Venise est la ville du tourisme par excellence, elle vit de son attraction autant qu’elle en souffre. Son histoire fascinante est elle aussi pleine de paradoxes. Ce décor sublime chargé d’Histoire(s) accompagne le personnage principal dans sa quête de plus en plus pesante de liberté. La déambulation de la Moretta suit un itinéraire plausible de touriste qui se fatigue ponts après ponts, et court après la batterie de son téléphone, sa boussole pour ne pas se perdre. Elle sillonne le Rialto, San Marco et Castello, et navigue en gondole sur le Grande Canal, jusqu’au point de bascule du film : le cimetière San Michele.
Le titre, Le fond vert, évoque le rôle de Venise comme décor de l’histoire, mais il correspond aussi au dispositif de manipulation de l’image que vous utilisez à plusieurs reprises. Cette fusion entre la ville et le décor résonne avec l’imaginaire pop vénitien tout en étant en osmose avec l’impulsion créative du film. Quelles sont les idées et les suggestions qui vous ont guidé dans la composition narrative et visuelle ?

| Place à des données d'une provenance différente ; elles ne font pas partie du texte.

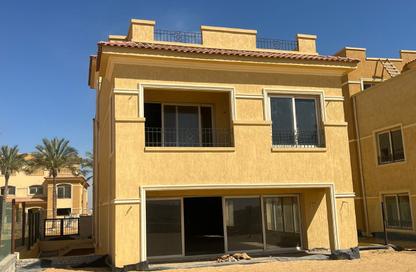 Villa - 7+ - 7+ for sale in Stone Park - 5th Settlement Compounds - The 5th Settlement - New Cairo City - Cairo
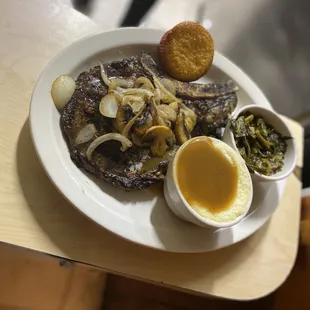Rib-Eye Bone-In Smothered with mushrooms and onions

J’aime travailler la corrélation fond/forme, pour faire « décoller » le récit. Le Fond vert, c’est la lagune, et c’est bien évidemment une référence au dispositif virtuel. Ce drap que l’on tend derrière le personnage est un effet spécial basique qui rentrait aussi parfaitement dans l’économie du film, très légère. Nous avons tourné le film en toute petite équipe à Venise : Julie Conte à la caméra, Jeanne qui jouait et moi qui prenait le son au zoom. Le titre est aussi un hommage au Rayon vert d’Éric Rohmer.